Action item » Transcribe the entries below exactly, starting with the line that has "Bottega Gelateria - Hospitality" and stopping after the line that has "Toyota Camry, 2018"; no pictures belong in the copy.

BEGIN Raw data

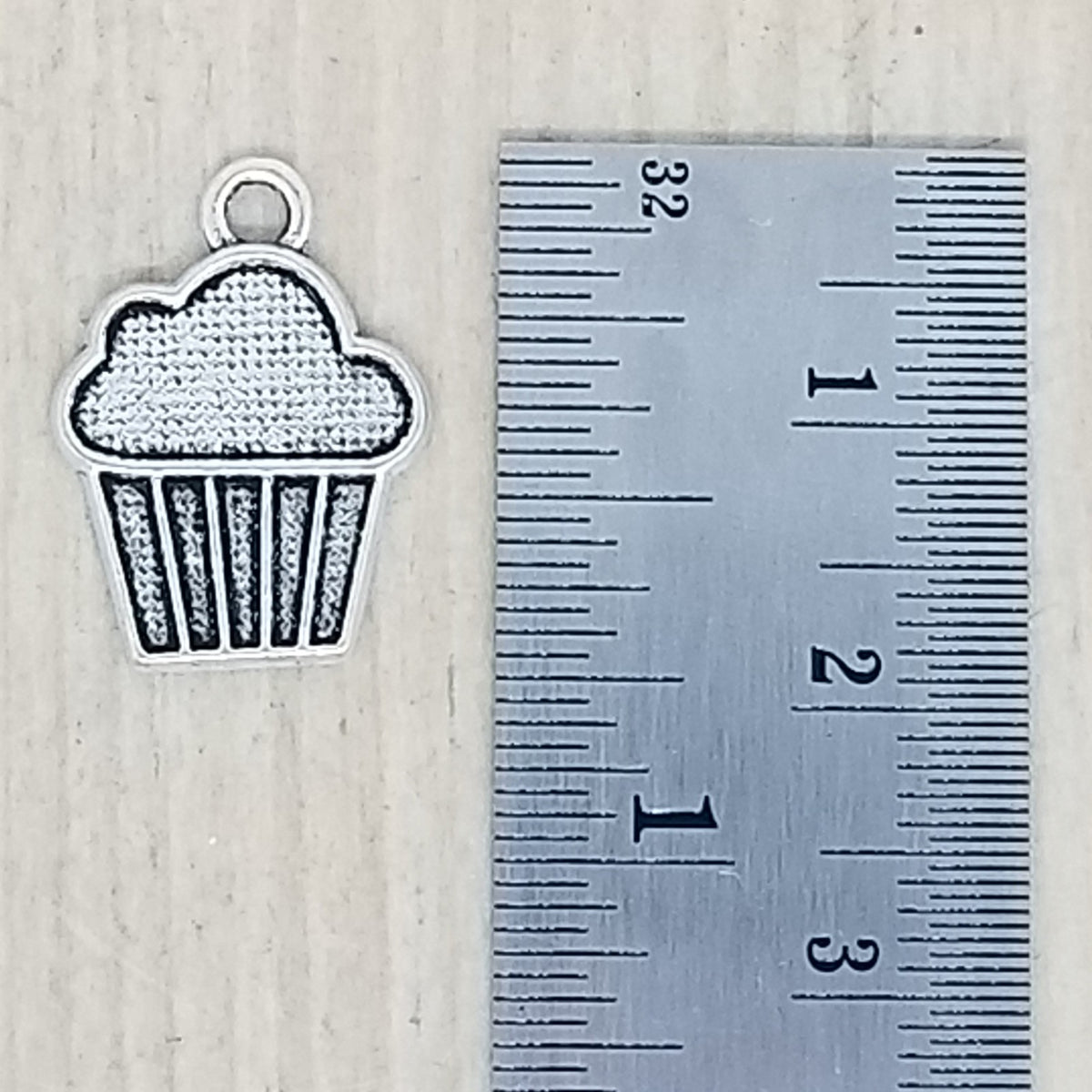 Cupcake Charm - lot of 5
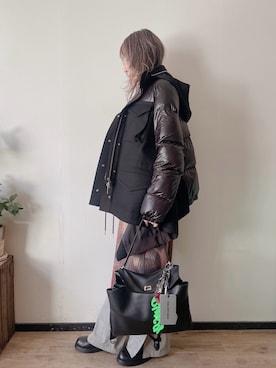 「スラックスパンツ」｜「アイテム（スカート）」を使った、saraさん（レディース・156cm）の冬コーディネート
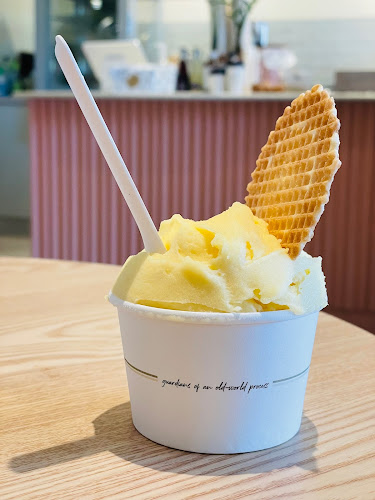 Bottega Gelateria - Hospitality and gastronomy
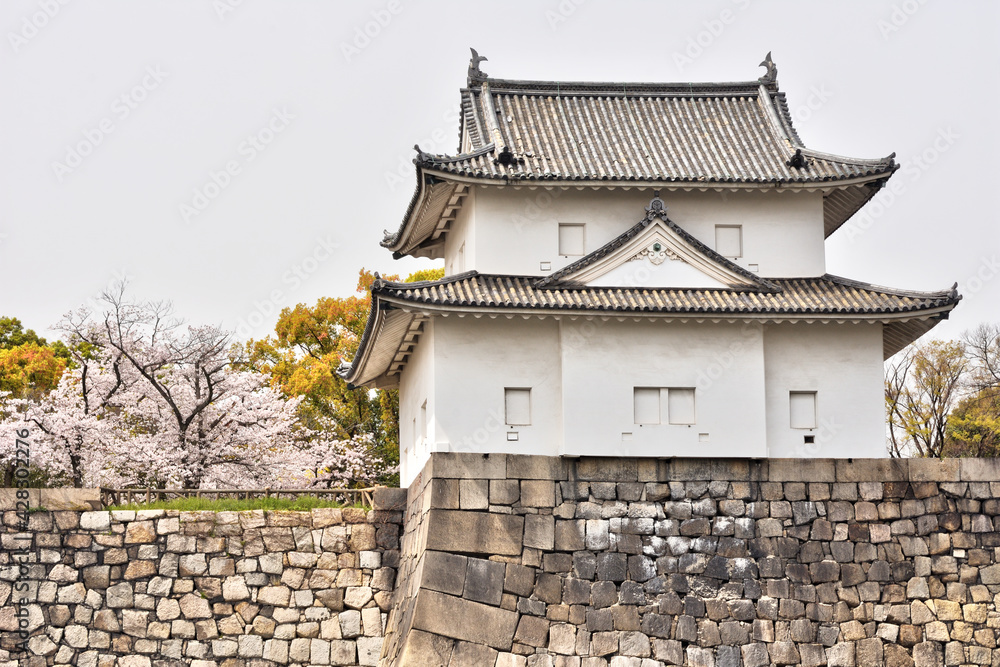 Fototapeta premium 大阪城の一番櫓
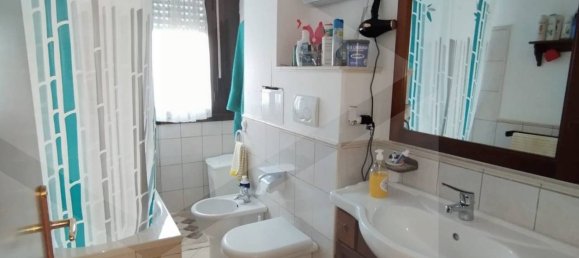 4 rooms Apartment in Rome, Italy No. 25351 12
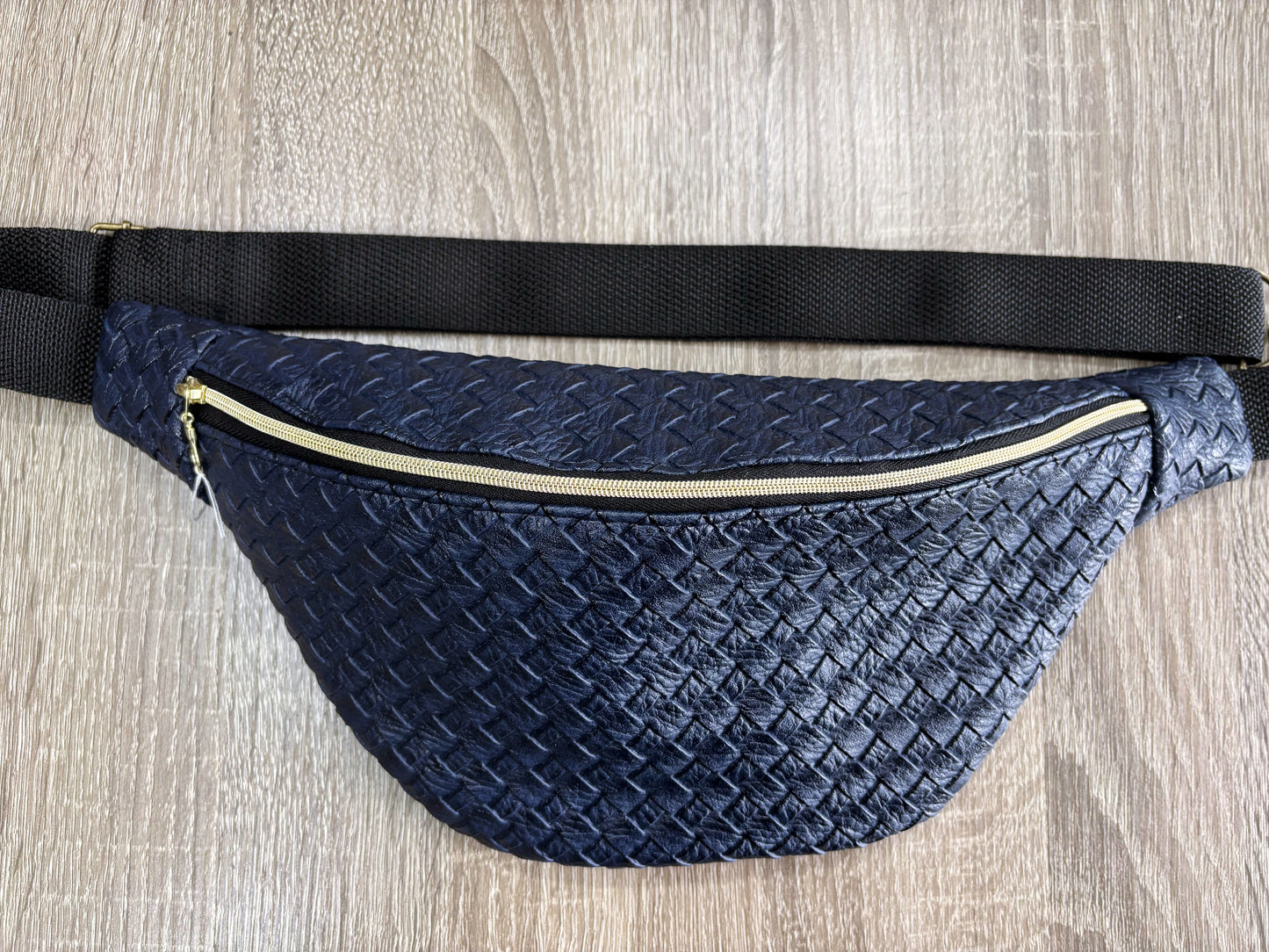 Sac banane en cuir tressé  : l'accessoire tendance et intemporel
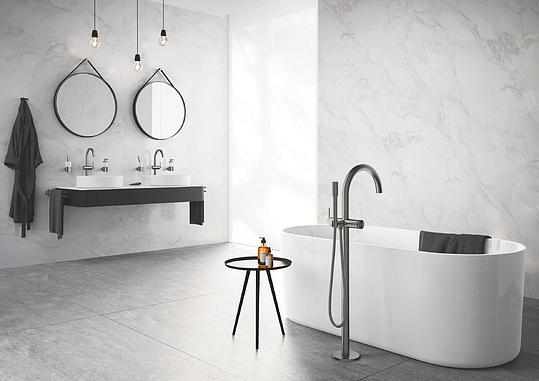 Смеситель Grohe Atrio New 32653AL3 напольный Смеситель Grohe Atrio New 32653AL3 напольный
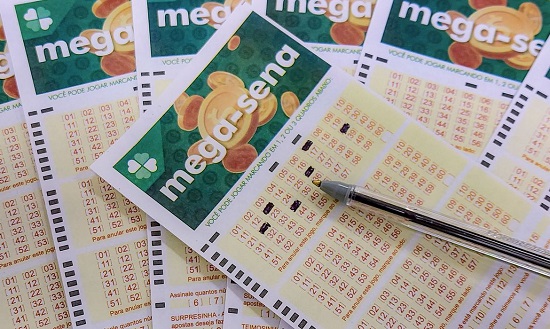 mega sena acumula de novo e pr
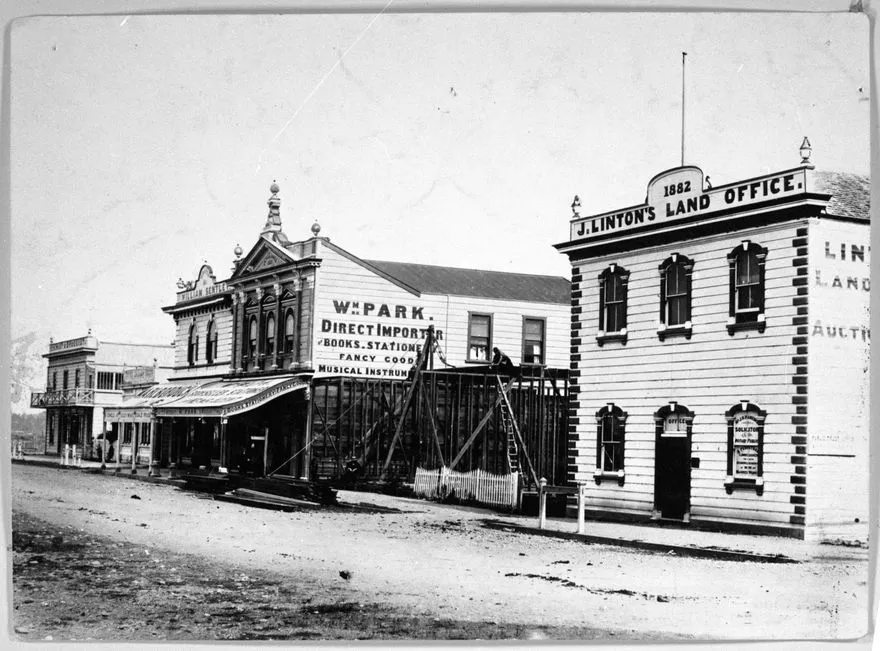 Construction of R Leary's Chemist, The Square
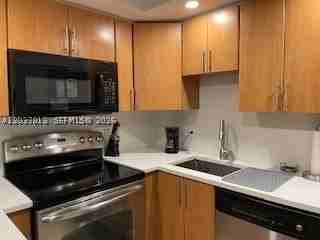 1050 Se 15th St #202 - Photo 5 of 17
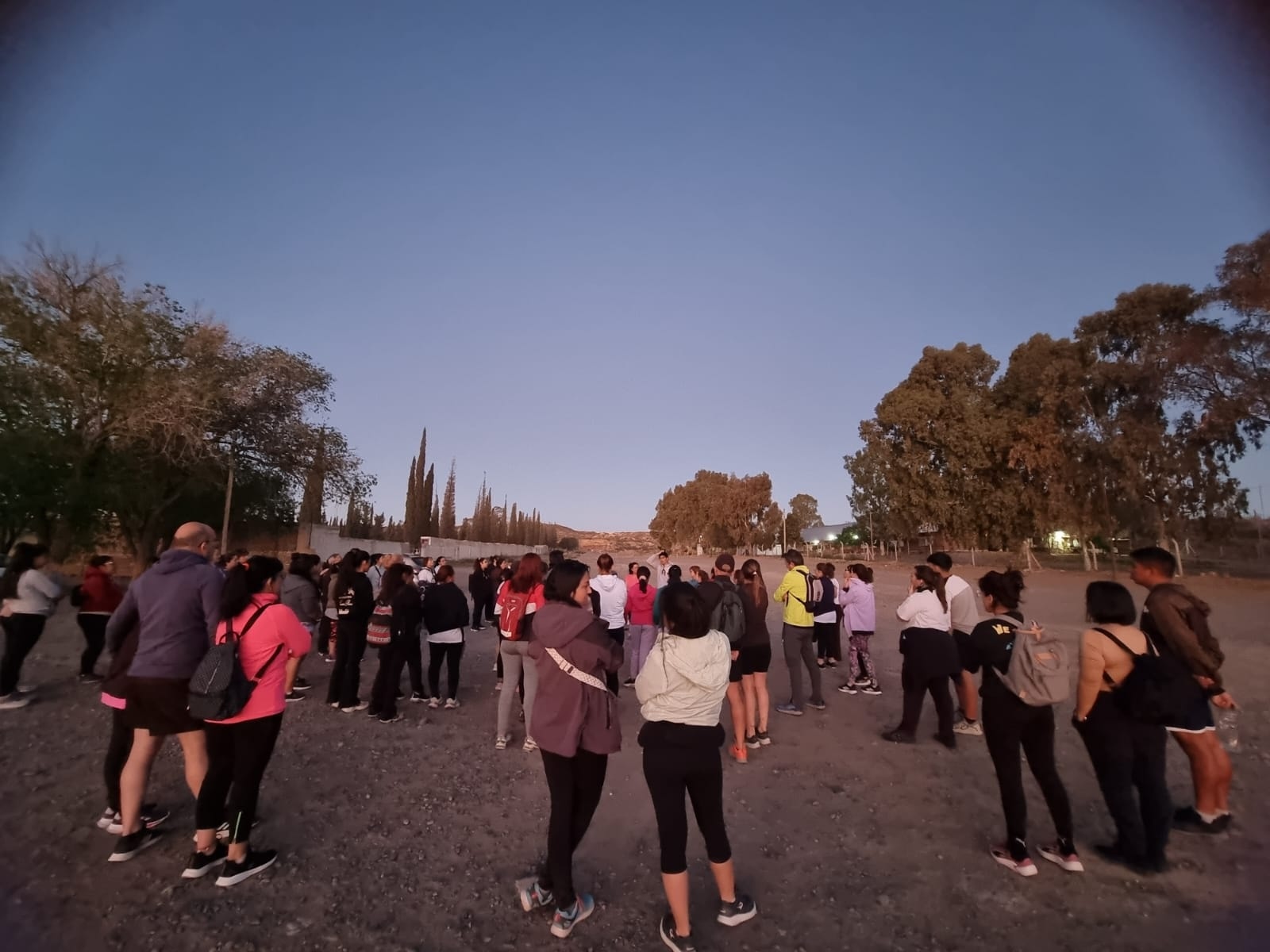 🌸 Caminata Nocturna Rosa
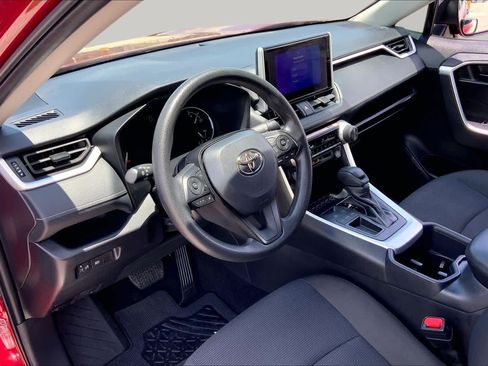 Certified 2025 Toyota RAV4 LE FWD image 17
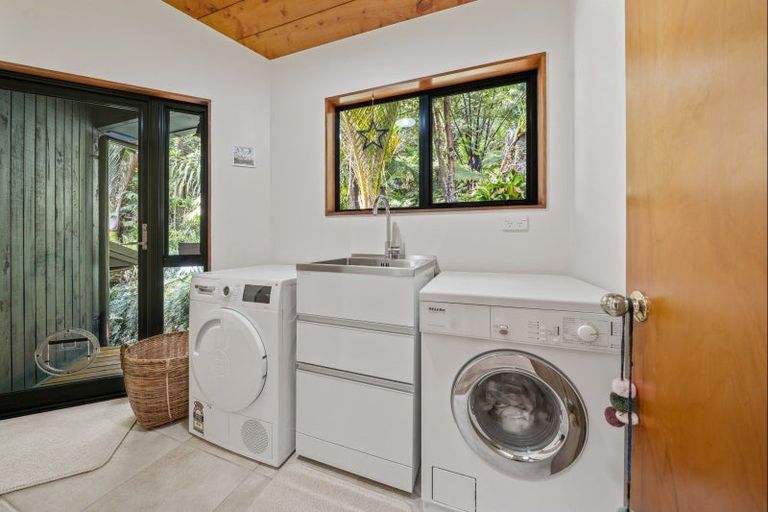 Photo of property in 11 Kereru Place, Upper Vogeltown, New Plymouth, 4310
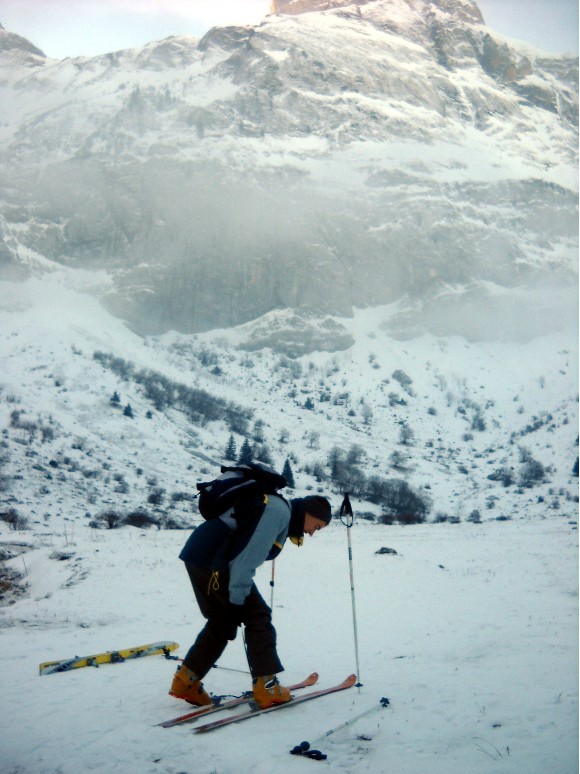 Les conditions au départ : On chausse les skis là à la montée, environ 500m après le parking, juste à la sortie du brouillard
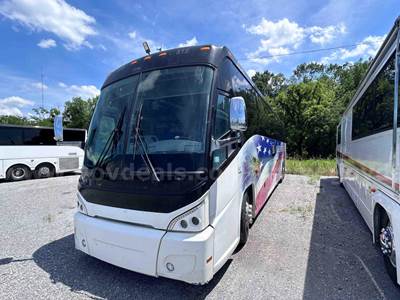 2013 Motor Coach Industries (MCI) J4500 Bus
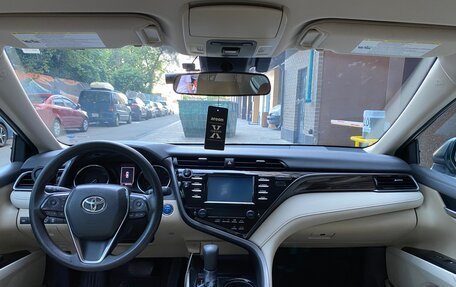 Toyota Camry, 2018 год, 2 850 000 рублей, 15 фотография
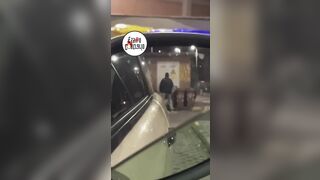 Coppia esibizionista scopa a Parma di fronte al Mc Donalds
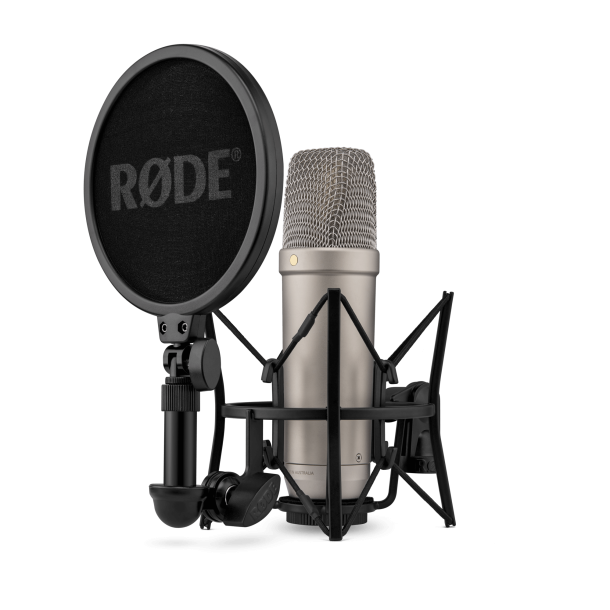 Rde NT1 5th generation  studio condenser microphone in silver with both XLR and USB-C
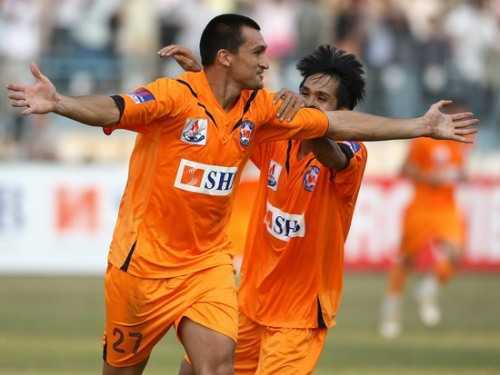 Hai đội bóng nhà bầu Hiển lại 'chết' kiểu bất đắc kỳ tử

END Raw data

Task result »
 Bottega Gelateria - Hospitality and gastronomy
 Fototapeta premium 大阪城の一番櫓
 4 rooms Apartment in Rome, Italy No. 25351 12
 Sac banane en cuir tressé  : l'accessoire tendance et intemporel
 Смеситель Grohe Atrio New 32653AL3 напольный Смеситель Grohe Atrio New 32653AL3 напольный
 mega sena acumula de novo e pr
 Construction of R Leary's Chemist, The Square
 1050 Se 15th St #202 - Photo 5 of 17
 🌸 Caminata Nocturna Rosa
 Certified 2025 Toyota RAV4 LE FWD image 17
 Photo of property in 11 Kereru Place, Upper Vogeltown, New Plymouth, 4310
 Les conditions au départ : On chausse les skis là à la montée, environ 500m après le parking, juste à la sortie du brouillard
 2013 Motor Coach Industries (MCI) J4500 Bus
 Toyota Camry, 2018 год, 2 850 000 рублей, 15 фотография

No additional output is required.